After quite some work, we are happy to announce that Sindice is now
supporting effective large scale data acquisition with *efficient syncing*
capabilities based on already existing standards (a specific use of  the
sitemap protocol).

For example if you publish 300000 products using RDFa or whatever you want
to use (microformats,  303s etc), by making sure you comply to the proposed
method, Sindice will now guarantee you

a) to crawl your dataset completely (might take some time since we do this
"politely")
b) ..but only crawl you once and then get just the updated URLs on a daily
bases! (so timely data update guarantee)

So this is not "Crawling" anymore, but rather a live "DB like" connection
between remote, diverse dataset all based on http. in our opinion this is a
*very* important step forward for semantic web data aggregation
infrastructures.

The specification we support (and how to make sure you're being properly
indexed) are published here  (pretty simple stuff actually!)

http://sindice.com/developers/publishing

and results can be seen from websites which are already implementing these
(you might be already doing that indeed without knowing..)

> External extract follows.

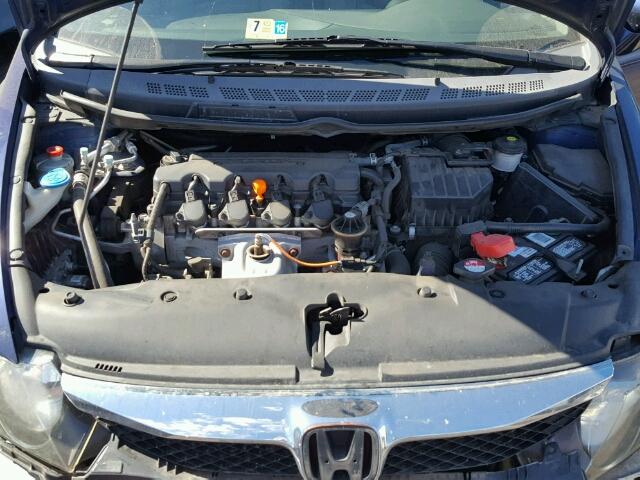 2HGFA16809H518887 - 2009 HONDA CIVIC BLUE photo 7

http://sindice.com/search?q=domain:www.scribd.com+date:last_week&qt=term

Why not make sure that your site can be effectively kept in sync today?

As always  we look forward for comments, suggestions and ideas on how to
serve better your data needs (e.g. yes, we'll also support Openlink dataset
sync proposal once the specs are finalized). Feel free to ask specific
questions about this or any other Sindice related issue on our dev forum
http://sindice.com/main/forum

Giovanni,
on behalf of the Sindice team http://sindice.com/main/about. Special credits
for this to Tamas Benko and Robert Fuller.

p.s. we're hiring

Received on Friday, 9 July 2010 00:24:30 UTC